Dear Blizzard (Dated 2004)
September 12, 2004
Dear Blizzard:
I’ve been seeing previews of your new “World of Warcraft” game, and I think you’re wasting the rumored 50 million dollars you’ve put into it. It’s nothing but a clone of the market leader, Everquest, and there’s really no way you can overcome the huge advantage EQ has on you in terms of subscriber base and development time. They’ve had over five years to constantly refine and improve the game experience; you’ll be starting out where they were five years ago, and doing nothing but playing catch-up. You’ve got the same “Go kill 10 rats” gameplay and the same endgame, except you have almost no raid content ready and I hear that your “innovative” PVP system, using the same “instancing” technology that Everquest implemented years ago in their Lost Dungeons of Norrath expansion, will not be ready at launch. Only something totally new and radical will work — have you considered making it over into a twitch-based FPS game? Just doing what’s already proven to be popular and genre defining, but doing it better, cleaner, sharper, and faster, is no recipe for success. Originality is far more important than competence, and building on your competitors work and taking advantage of all they’ve learned the hard way, and then bettering it, is a foolish gambit. Only the totally new and totally unproven, especially if it’s not what customers have previously demonstrated they’re willing to pay for, will win the game. You may want to look at Tabula Rasa, which has been in development since 2001 and will probably release soon. It’s so original and groundbreaking even the developers aren’t entirely sure what kind of game they’re making — that kind of shattering of genre boundaries is the best way to have a mega-hit. I feel sorry for the developers, artists, and so on who will be laid off when World of Warcraft bombs, dismissed as just another Everquest clone in a field already crowded with them (Asheron’s Call, Dark Age Of Camelot, Horizons, etc). I wish you luck — you’re going to need it.
An Explanation
For those wondering what the hell that was all about, it’s a response I posted on this Slashdot page which was itself discussing this article about how KOTOR (Knights Of The Old Republic) was going to fail, fail, fail because someone who played part of one starting zone which is still in beta didn’t like the quests.

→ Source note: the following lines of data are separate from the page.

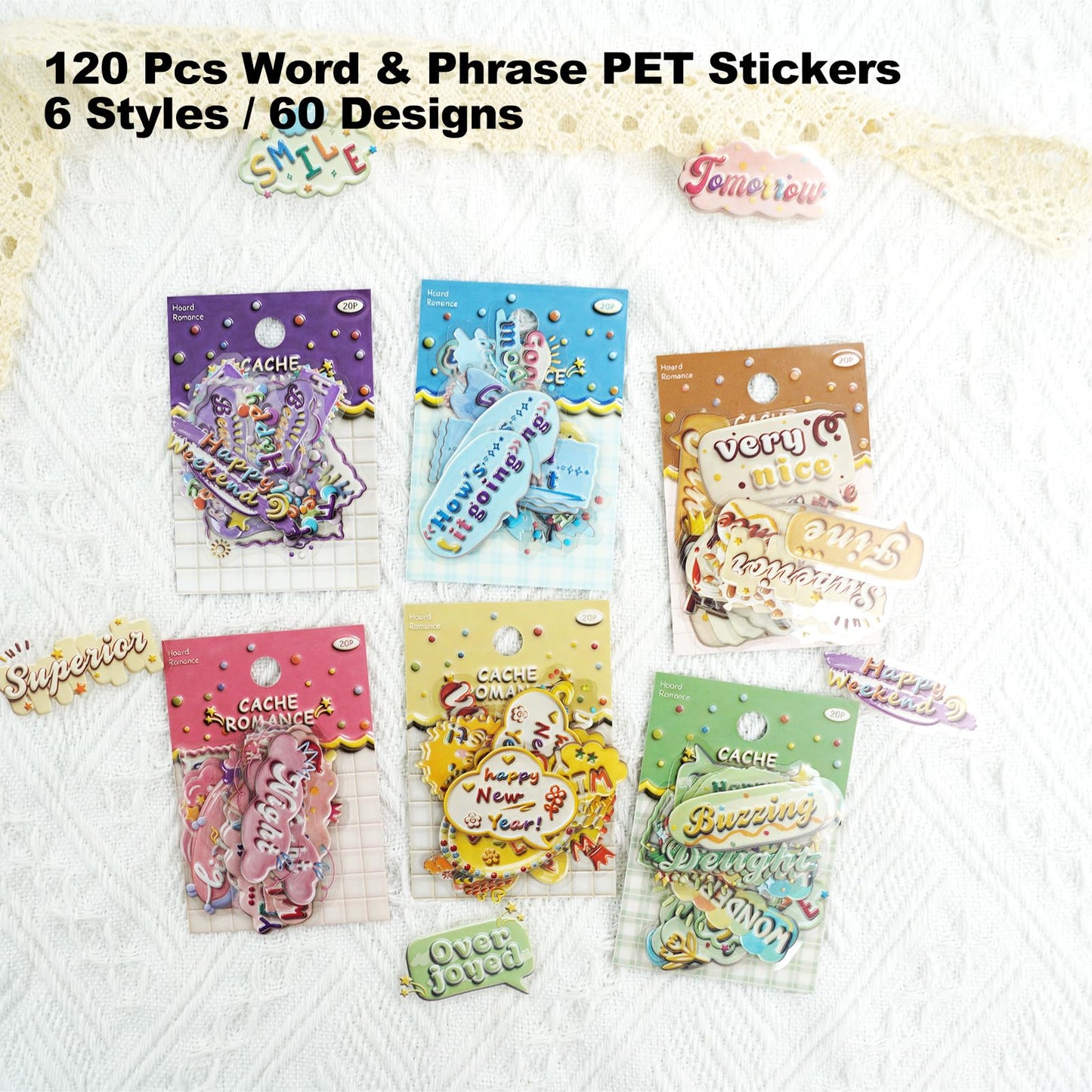 180 Pcs Clear Loop Arrow PET Stickers for Scrapbook Journal BST202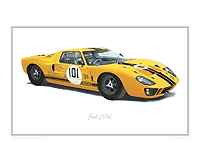 Ford GT40 JCB classic car print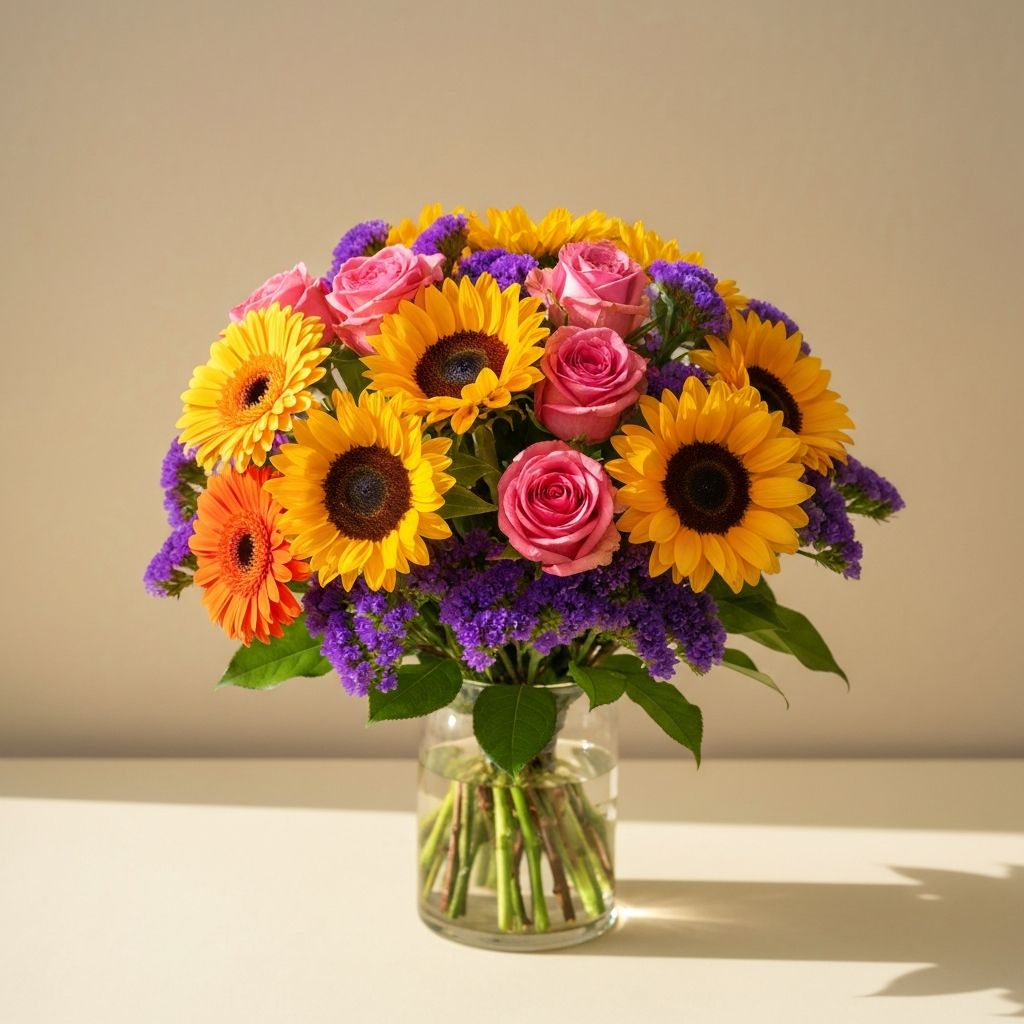 Birthday Bouquet — Cheerful sunflowers and gerbera for bright days.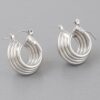 Multi-Tube Layered Hoop Earrings – 0.8in Sculpted Hoops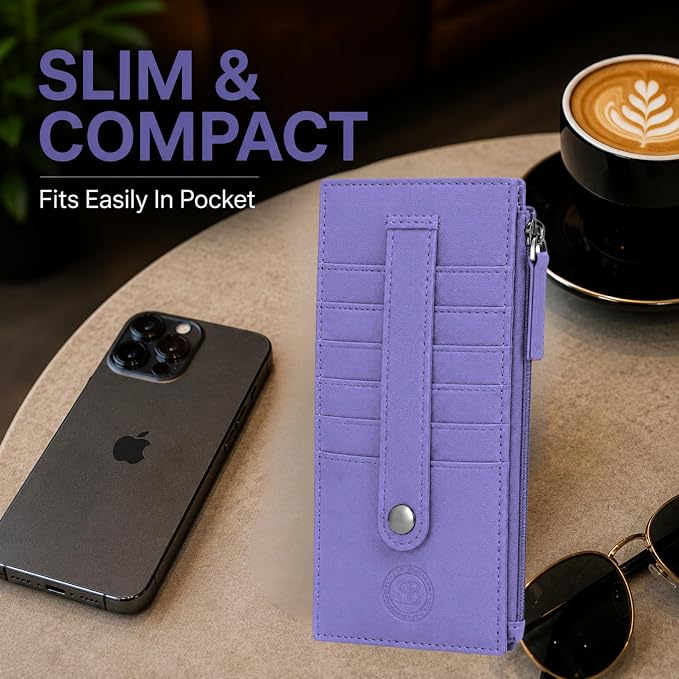 Leatherboss Genuine Leather Women's All in One Credit Business Card Case Holder Slim Zipper Wallet With a Card Protection Strap, Purple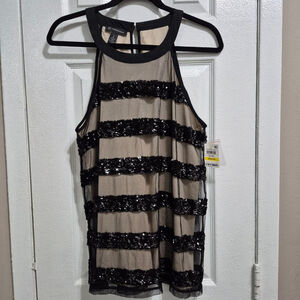 Women's INC International Concepts Black Sequin Tank Top M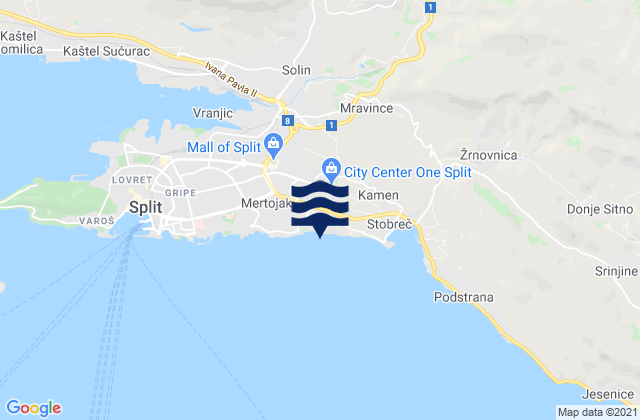 Mappa delle Getijden in Grad Split, Croatia
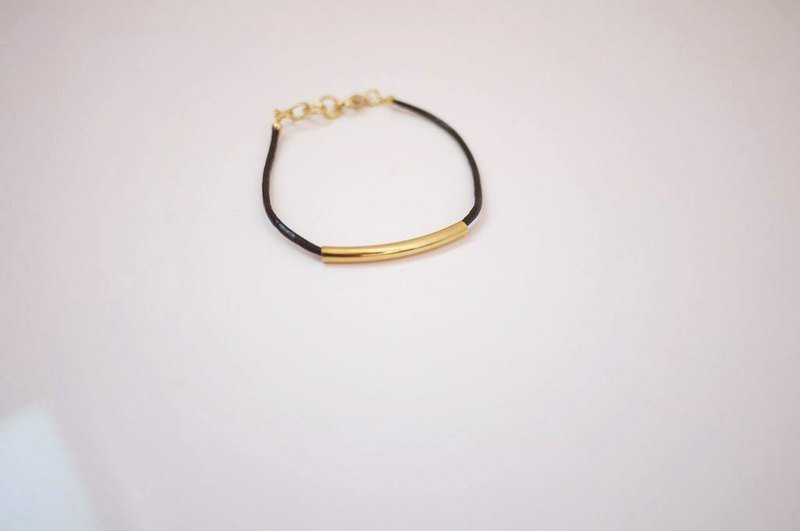 ♘♥金属mix进口小牛皮简约手炼-黑♥♘ - 手链/手环 - 其他金属 黑色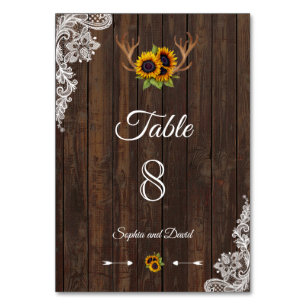 Boho Sunblommor Antlers Wood Bröllop BORDSNUMMER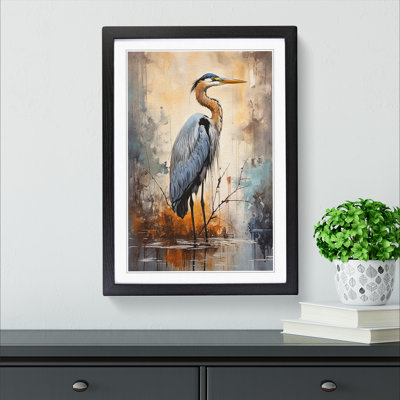 Heron Modern Art - Framed Print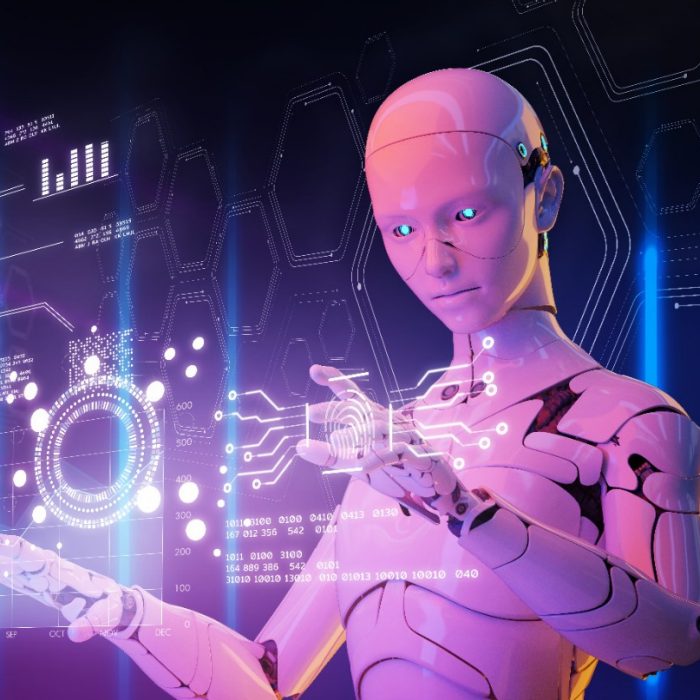 Smart city digital world metaverse, 3D AI artificial intelligence robot engineer digital technology security power energy sustainable environment technology futuristic interface, 3D city interface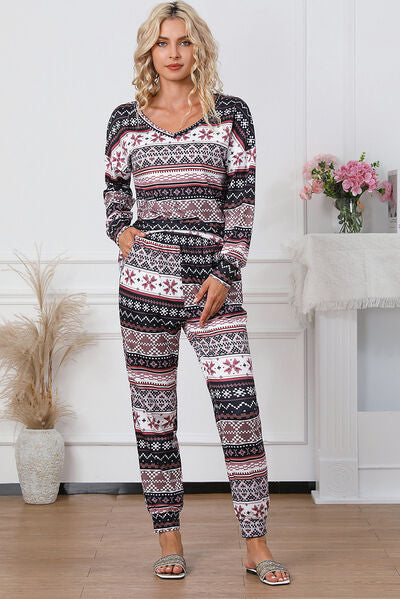 Printed V-Neck Top and Pants Lounge Set Luvéillé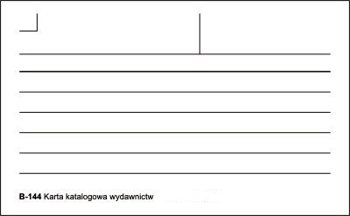 Karta Katalogowa Wydawnictw B-144 50szt. /W-X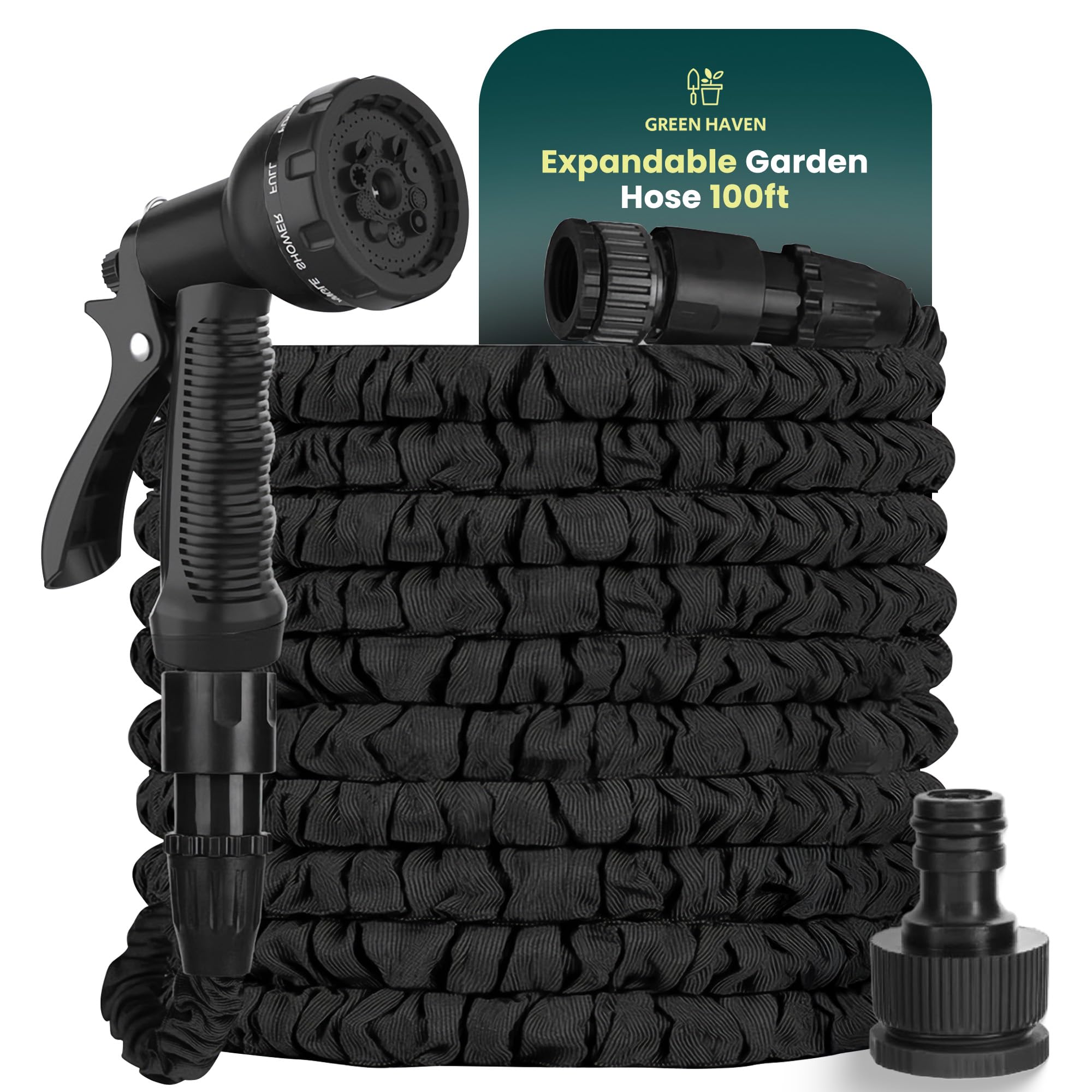 Green Haven Standard 100Ft Expandable Garden Hose Pipe – Durable No-Kink Hose With 8 Spray Patterns, Solid Brass Fittings, Leak-Proof Lightweight Water Hose For Outdoor Use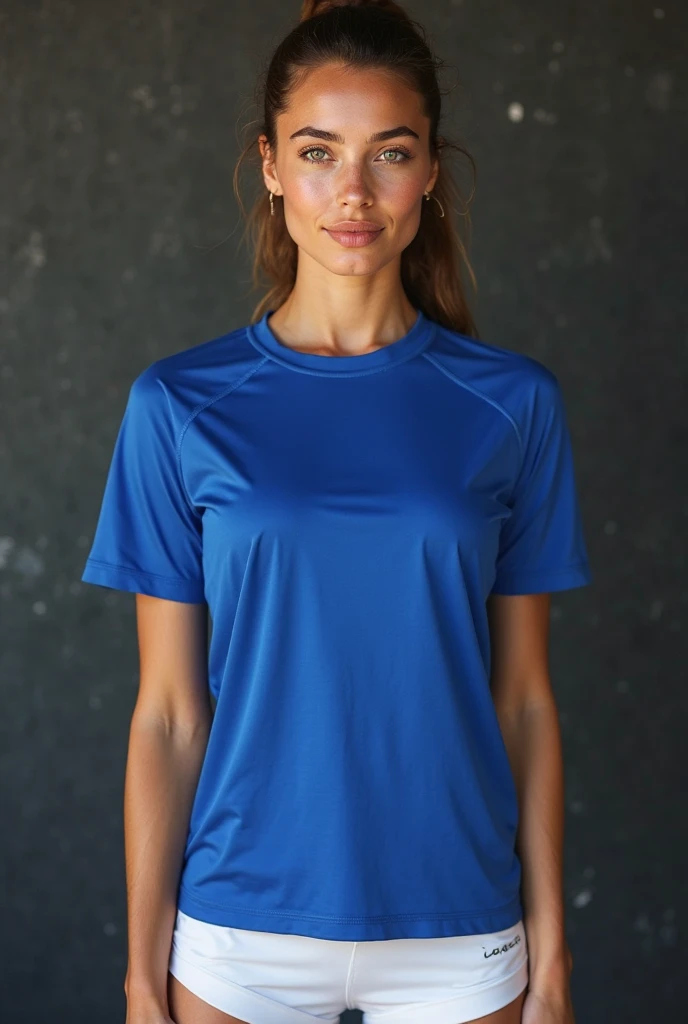 Create a women's sports t-shirt in blue and light blue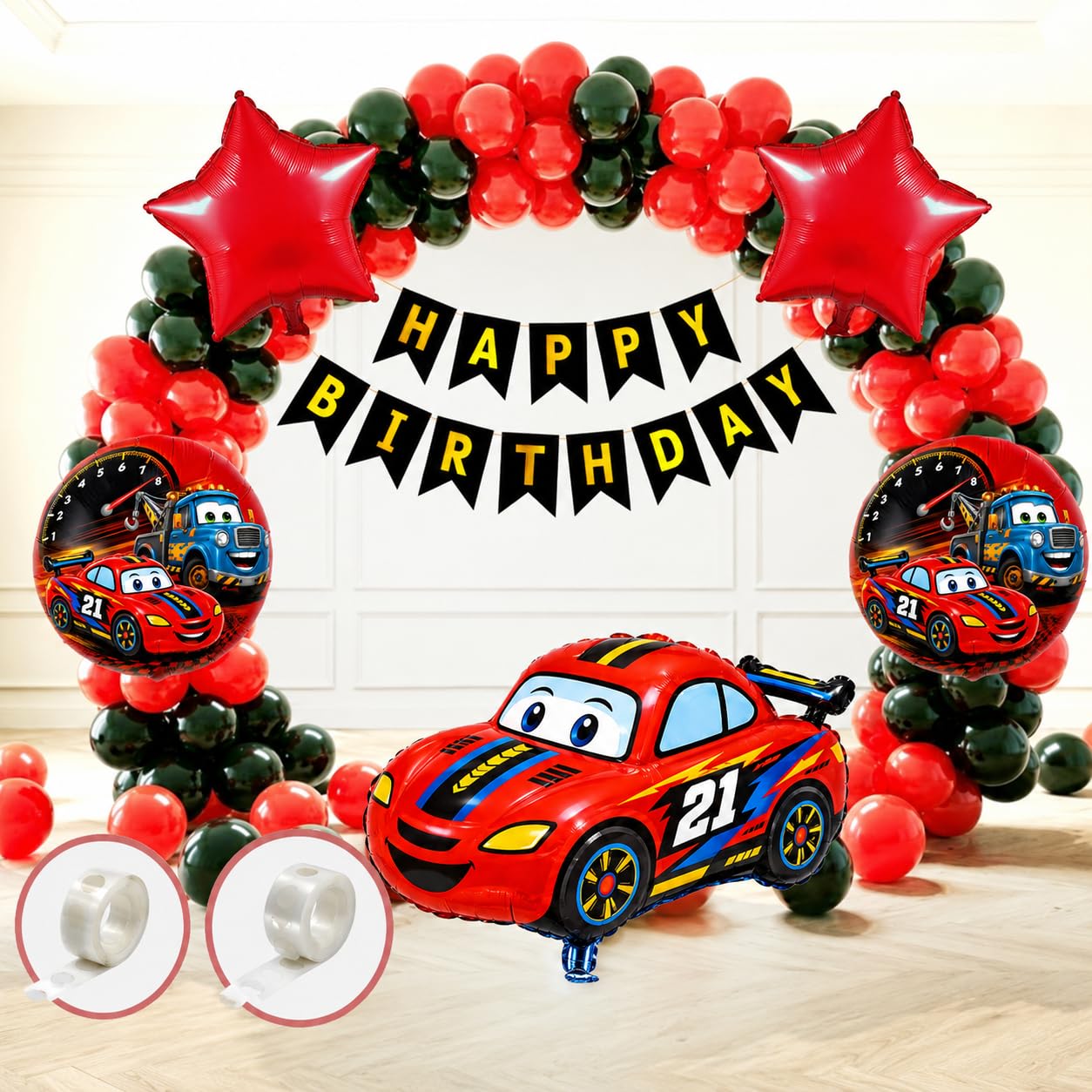 Propsicle Racing Car Theme Birthday Party Decoration Kit For Boys, 104 Pieces, Black and Red Balloons with Black Fishtail Paper Banner-image-23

I’m not claiming it won’t fail, mind you — just that if the arguments you make for its “inevitable” failure are exactly the same as arguments you could have made (and I’m sure some people did make) in 2004 to Blizzard, you might want to check your premises.
WoW was actually innovative with its quests – as I recall EQ didn’t have any quests to speak of (you could deliver things for people, but nothing like the clean and integral implementation that WoW bought to the table).
Your point still stands of course 🙂 I do wonder if the full price/full subscription fee is the right way to go though – LOTRO is a powerful counter argument.
Love your stuff, keep it up! Particularly love all the Earth Delta stuff, great work.
Not sure if my software tells you a reply was posted to the thread in general, so, here’s a reply to your post to let you know I replied to your post in, erm, another reply. Sorry.
Everquest had full and complex quests from the get-go….hence the name. There were plenty of “Kill 10 rats” quests and many long and complex quest chains which required significant work to locate and discover. A lot of people, though, didn’t bother — they just ran to a spawn point and camped it. I’ve heard many people say “EQ didn’t have quests” or the like, when what they really mean is “Wow, I never actually tried talking to the NPCs. You could DO that? Whoa.”
Here’s one in particular I remember: http://everquest.allakhazam.com/db/quest.html?quest=1497 . If you check the date — 2002 — you’ll see it was WELL before WoW came out, and while this was in an expansion, there were plenty of similar quests at the time EQ launched in the late 1990s.